ABOUT THIS EXERCISE = Transcribe all of the listing exactly.

*** Opening RECORDS SUPPLIED ***

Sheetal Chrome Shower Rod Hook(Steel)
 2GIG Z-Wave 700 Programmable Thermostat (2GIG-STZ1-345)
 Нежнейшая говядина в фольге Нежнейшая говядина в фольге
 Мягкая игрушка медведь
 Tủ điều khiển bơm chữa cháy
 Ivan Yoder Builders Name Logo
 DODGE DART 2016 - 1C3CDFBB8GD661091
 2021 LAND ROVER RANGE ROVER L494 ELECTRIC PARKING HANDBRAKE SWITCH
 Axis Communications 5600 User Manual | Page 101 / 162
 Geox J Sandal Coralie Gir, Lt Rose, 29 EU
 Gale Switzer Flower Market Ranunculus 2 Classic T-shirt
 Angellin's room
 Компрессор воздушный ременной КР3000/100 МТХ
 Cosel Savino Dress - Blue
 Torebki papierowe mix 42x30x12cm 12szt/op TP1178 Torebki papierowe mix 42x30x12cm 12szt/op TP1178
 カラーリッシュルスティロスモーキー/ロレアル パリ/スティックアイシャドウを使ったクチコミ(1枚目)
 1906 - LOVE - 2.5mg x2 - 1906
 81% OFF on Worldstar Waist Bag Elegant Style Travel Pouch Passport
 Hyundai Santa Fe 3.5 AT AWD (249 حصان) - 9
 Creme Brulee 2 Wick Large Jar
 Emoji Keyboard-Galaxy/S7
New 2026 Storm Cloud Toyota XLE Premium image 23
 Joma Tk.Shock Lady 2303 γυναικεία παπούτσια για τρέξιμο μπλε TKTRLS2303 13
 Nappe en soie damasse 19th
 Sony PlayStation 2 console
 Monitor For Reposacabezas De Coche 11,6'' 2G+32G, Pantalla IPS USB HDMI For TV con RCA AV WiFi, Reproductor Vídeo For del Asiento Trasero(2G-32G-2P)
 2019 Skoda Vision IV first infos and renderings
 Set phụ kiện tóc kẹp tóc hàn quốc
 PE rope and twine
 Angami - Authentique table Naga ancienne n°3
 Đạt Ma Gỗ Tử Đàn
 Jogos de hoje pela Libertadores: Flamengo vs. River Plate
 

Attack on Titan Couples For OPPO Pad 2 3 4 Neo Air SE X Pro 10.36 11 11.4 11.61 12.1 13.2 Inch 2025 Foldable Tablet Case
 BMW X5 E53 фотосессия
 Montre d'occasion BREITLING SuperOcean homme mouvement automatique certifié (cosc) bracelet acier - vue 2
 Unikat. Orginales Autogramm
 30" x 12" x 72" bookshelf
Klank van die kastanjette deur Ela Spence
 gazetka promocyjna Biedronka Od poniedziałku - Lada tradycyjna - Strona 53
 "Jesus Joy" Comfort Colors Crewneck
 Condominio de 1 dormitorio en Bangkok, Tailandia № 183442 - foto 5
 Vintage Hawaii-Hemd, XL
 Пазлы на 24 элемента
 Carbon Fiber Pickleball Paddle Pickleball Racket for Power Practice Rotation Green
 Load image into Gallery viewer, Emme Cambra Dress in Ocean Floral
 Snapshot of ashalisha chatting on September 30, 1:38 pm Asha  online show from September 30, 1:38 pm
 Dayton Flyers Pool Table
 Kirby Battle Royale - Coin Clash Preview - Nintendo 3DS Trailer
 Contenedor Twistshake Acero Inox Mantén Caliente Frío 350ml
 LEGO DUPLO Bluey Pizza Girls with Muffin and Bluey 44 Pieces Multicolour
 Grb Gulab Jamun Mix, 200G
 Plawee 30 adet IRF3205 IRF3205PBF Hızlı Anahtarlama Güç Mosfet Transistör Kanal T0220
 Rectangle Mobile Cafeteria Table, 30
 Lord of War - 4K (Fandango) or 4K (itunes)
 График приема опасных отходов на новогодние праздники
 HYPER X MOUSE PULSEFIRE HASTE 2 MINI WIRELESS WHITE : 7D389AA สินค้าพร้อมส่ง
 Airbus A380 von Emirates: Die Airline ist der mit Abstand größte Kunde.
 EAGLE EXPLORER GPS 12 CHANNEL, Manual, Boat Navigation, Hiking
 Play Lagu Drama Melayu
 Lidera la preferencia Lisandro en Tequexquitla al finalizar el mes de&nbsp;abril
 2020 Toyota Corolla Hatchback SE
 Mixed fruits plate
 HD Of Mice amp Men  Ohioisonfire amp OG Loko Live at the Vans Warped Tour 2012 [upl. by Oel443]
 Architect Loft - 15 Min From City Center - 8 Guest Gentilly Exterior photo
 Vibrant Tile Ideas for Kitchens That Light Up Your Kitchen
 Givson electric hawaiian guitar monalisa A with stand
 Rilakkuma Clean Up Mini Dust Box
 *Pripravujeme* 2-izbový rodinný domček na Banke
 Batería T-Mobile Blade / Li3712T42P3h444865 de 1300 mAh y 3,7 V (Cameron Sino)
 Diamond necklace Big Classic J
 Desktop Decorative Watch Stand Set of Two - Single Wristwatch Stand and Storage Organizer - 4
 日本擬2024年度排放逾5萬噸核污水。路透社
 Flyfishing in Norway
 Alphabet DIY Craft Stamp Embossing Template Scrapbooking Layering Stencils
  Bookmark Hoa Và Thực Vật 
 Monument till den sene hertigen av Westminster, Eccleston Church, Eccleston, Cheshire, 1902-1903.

*** Closing RECORDS SUPPLIED ***

ANSWER SPACE =
Sheetal Chrome Shower Rod Hook(Steel)
 2GIG Z-Wave 700 Programmable Thermostat (2GIG-STZ1-345)
 Нежнейшая говядина в фольге Нежнейшая говядина в фольге
 Мягкая игрушка медведь
 Tủ điều khiển bơm chữa cháy
 Ivan Yoder Builders Name Logo
 DODGE DART 2016 - 1C3CDFBB8GD661091
 2021 LAND ROVER RANGE ROVER L494 ELECTRIC PARKING HANDBRAKE SWITCH
 Axis Communications 5600 User Manual | Page 101 / 162
 Geox J Sandal Coralie Gir, Lt Rose, 29 EU
 Gale Switzer Flower Market Ranunculus 2 Classic T-shirt
 Angellin's room
 Компрессор воздушный ременной КР3000/100 МТХ
 Cosel Savino Dress - Blue
 Torebki papierowe mix 42x30x12cm 12szt/op TP1178 Torebki papierowe mix 42x30x12cm 12szt/op TP1178
 カラーリッシュルスティロスモーキー/ロレアル パリ/スティックアイシャドウを使ったクチコミ(1枚目)
 1906 - LOVE - 2.5mg x2 - 1906
 81% OFF on Worldstar Waist Bag Elegant Style Travel Pouch Passport
 Hyundai Santa Fe 3.5 AT AWD (249 حصان) - 9
 Creme Brulee 2 Wick Large Jar
 Emoji Keyboard-Galaxy/S7
New 2026 Storm Cloud Toyota XLE Premium image 23
 Joma Tk.Shock Lady 2303 γυναικεία παπούτσια για τρέξιμο μπλε TKTRLS2303 13
 Nappe en soie damasse 19th
 Sony PlayStation 2 console
 Monitor For Reposacabezas De Coche 11,6'' 2G+32G, Pantalla IPS USB HDMI For TV con RCA AV WiFi, Reproductor Vídeo For del Asiento Trasero(2G-32G-2P)
 2019 Skoda Vision IV first infos and renderings
 Set phụ kiện tóc kẹp tóc hàn quốc
 PE rope and twine
 Angami - Authentique table Naga ancienne n°3
 Đạt Ma Gỗ Tử Đàn
 Jogos de hoje pela Libertadores: Flamengo vs. River Plate
 

Attack on Titan Couples For OPPO Pad 2 3 4 Neo Air SE X Pro 10.36 11 11.4 11.61 12.1 13.2 Inch 2025 Foldable Tablet Case
 BMW X5 E53 фотосессия
 Montre d'occasion BREITLING SuperOcean homme mouvement automatique certifié (cosc) bracelet acier - vue 2
 Unikat. Orginales Autogramm
 30" x 12" x 72" bookshelf
Klank van die kastanjette deur Ela Spence
 gazetka promocyjna Biedronka Od poniedziałku - Lada tradycyjna - Strona 53
 "Jesus Joy" Comfort Colors Crewneck
 Condominio de 1 dormitorio en Bangkok, Tailandia № 183442 - foto 5
 Vintage Hawaii-Hemd, XL
 Пазлы на 24 элемента
 Carbon Fiber Pickleball Paddle Pickleball Racket for Power Practice Rotation Green
 Load image into Gallery viewer, Emme Cambra Dress in Ocean Floral
 Snapshot of ashalisha chatting on September 30, 1:38 pm Asha  online show from September 30, 1:38 pm
 Dayton Flyers Pool Table
 Kirby Battle Royale - Coin Clash Preview - Nintendo 3DS Trailer
 Contenedor Twistshake Acero Inox Mantén Caliente Frío 350ml
 LEGO DUPLO Bluey Pizza Girls with Muffin and Bluey 44 Pieces Multicolour
 Grb Gulab Jamun Mix, 200G
 Plawee 30 adet IRF3205 IRF3205PBF Hızlı Anahtarlama Güç Mosfet Transistör Kanal T0220
 Rectangle Mobile Cafeteria Table, 30
 Lord of War - 4K (Fandango) or 4K (itunes)
 График приема опасных отходов на новогодние праздники
 HYPER X MOUSE PULSEFIRE HASTE 2 MINI WIRELESS WHITE : 7D389AA สินค้าพร้อมส่ง
 Airbus A380 von Emirates: Die Airline ist der mit Abstand größte Kunde.
 EAGLE EXPLORER GPS 12 CHANNEL, Manual, Boat Navigation, Hiking
 Play Lagu Drama Melayu
 Lidera la preferencia Lisandro en Tequexquitla al finalizar el mes de&nbsp;abril
 2020 Toyota Corolla Hatchback SE
 Mixed fruits plate
 HD Of Mice amp Men  Ohioisonfire amp OG Loko Live at the Vans Warped Tour 2012 [upl. by Oel443]
 Architect Loft - 15 Min From City Center - 8 Guest Gentilly Exterior photo
 Vibrant Tile Ideas for Kitchens That Light Up Your Kitchen
 Givson electric hawaiian guitar monalisa A with stand
 Rilakkuma Clean Up Mini Dust Box
 *Pripravujeme* 2-izbový rodinný domček na Banke
 Batería T-Mobile Blade / Li3712T42P3h444865 de 1300 mAh y 3,7 V (Cameron Sino)
 Diamond necklace Big Classic J
 Desktop Decorative Watch Stand Set of Two - Single Wristwatch Stand and Storage Organizer - 4
 日本擬2024年度排放逾5萬噸核污水。路透社
 Flyfishing in Norway
 Alphabet DIY Craft Stamp Embossing Template Scrapbooking Layering Stencils
  Bookmark Hoa Và Thực Vật 
 Monument till den sene hertigen av Westminster, Eccleston Church, Eccleston, Cheshire, 1902-1903.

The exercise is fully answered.